Does his Evidence at Least Raise a Reasonable Doubt?  
[244] The Supreme Court of Canada also directs me to acquit an accused if I find that his  
evidence (even if not believed) at least raises a reasonable doubt on a required element of the  
 
Page: 64  
crime alleged. In discussing and developing this second element of the three-part test in W(D), I  
can only repeat my earlier observations about Mr. MacMullin’s evidence.  
[245] This includes the flights of fantasy in the evidence, the self-aggrandizing elements, the  
inconsistencies, the lack of detail, the failure to be responsive, the subjective errors about what  
constitutes residency, and his claim that he believed one could waive a down payment without  
concern on the part of the financial institutions. All this, and more, prevents the evidence of Mr.  
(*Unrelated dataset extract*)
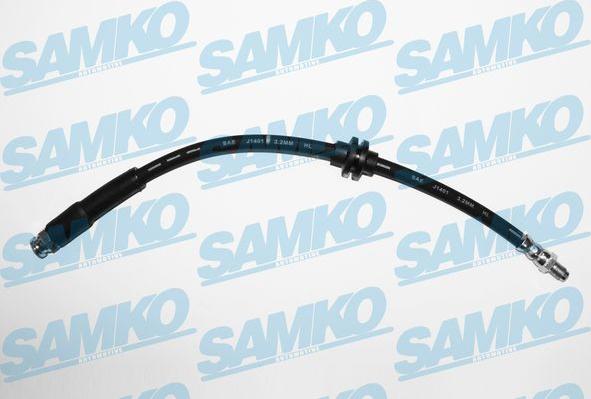 Samko 6T48686 - Тормозной шланг autospares.lv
MacMullin from raising a reasonable doubt.  
[246] For an accused to raise a reasonable doubt with his or her evidence, the accused must  
touch on the critical allegations. Instead, Mr. MacMullin danced around awkward evidence,  
skimmed over troublesome incidents, and minimized his participation whenever possible with  
vague, incomplete or diversionary explanations. Most of the serious allegations made about Mr.  
MacMullin while he sat in the prisoner dock during the trial were simply unanswered and not  
challenged. As I noted, he did not respond in particular to most of the alleged frauds. This is  
difficult to understand if indeed he had innocent explanations for what had occurred. While he  
was not obliged to give evidence, he elected to do so and I would consider by law and fairness all  
explanations. However, for most counts, there is nothing to raise a reasonable doubt because his  
evidence did not respond to those fraud scenarios.  
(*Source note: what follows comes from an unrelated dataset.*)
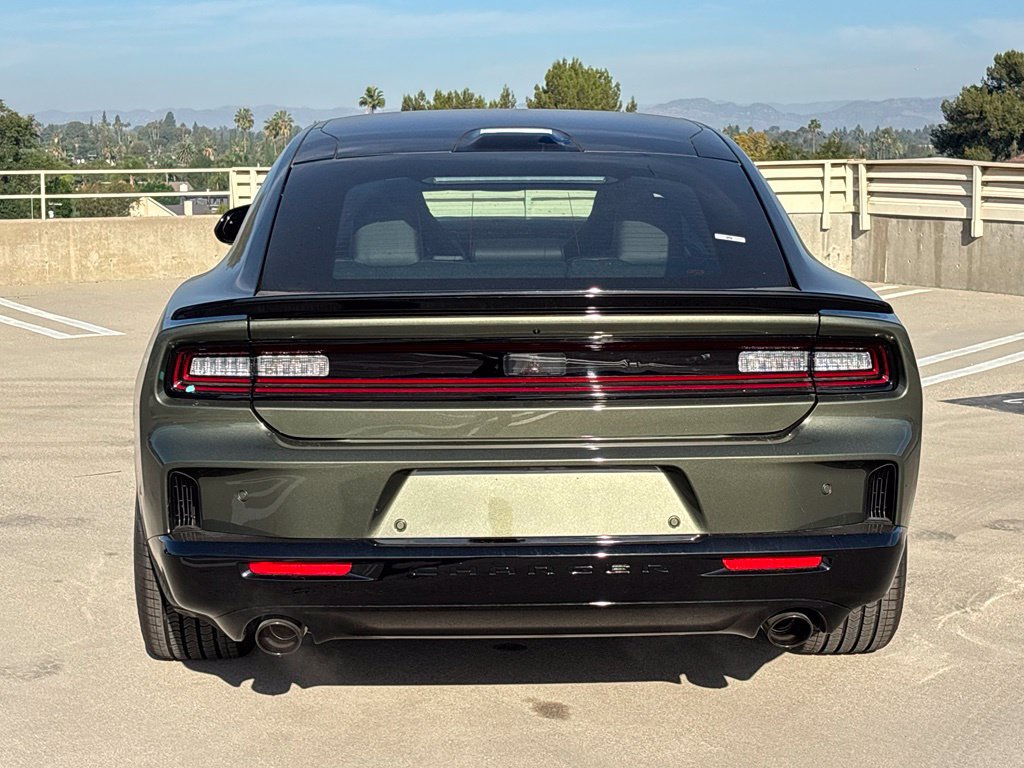 New 2026 Dodge Charger Scat Pack AWD/4WD image 4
[247] Mr. MacMullin spent some considerable time going through an analysis of the volume of  
work performed by him and his crew during the construction improvement on some of the  
properties. This evidence is simply irrelevant. The Crown never alleged that no work was done.  
This trial is about the Crown’s allegation that deceitful information was passed on to financial  
institutions to persuade them to grant mortgages.  
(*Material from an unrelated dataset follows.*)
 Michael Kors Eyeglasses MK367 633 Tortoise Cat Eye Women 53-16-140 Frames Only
[248] Other irrelevant testimony includes when Mr. MacMullin indicated that he never altered  
a CRA, or a third-party job letter. That is not a part of the case against him. In one case, one of  
Mr. MacMullin’s companies created a job record for a borrower to hide the fact that the income  
reflected on her income tax return was an AISH payment. In other cases, some investment letters  
put before Mr. MacMullin claim, that one of his related companies or trade names, Parallel  
Corp., had received investment funds from the straw buyers.  
[249] Mr. MacMullin provides yet another bizarre and irrational explanation: these documents  
captured the “sweat equitythat went into certain specific projects which became part of a high  
interest investment in Parallel Corp. That proposition is ludicrous, and could not raise a  
reasonable doubt. There was never any paperwork connecting the victims and their lost  
investment or nonpayment for work effort with a long-term investment in Parallel Corp. Mr.  
MacMullin’s explanations could have been supported by documentary evidence on Parallel  
Corp., but of course none appeared. This was merely another smoke-screen. Finally Parallel  
Corp was a MacMullin alter ego- with no money for down payments.  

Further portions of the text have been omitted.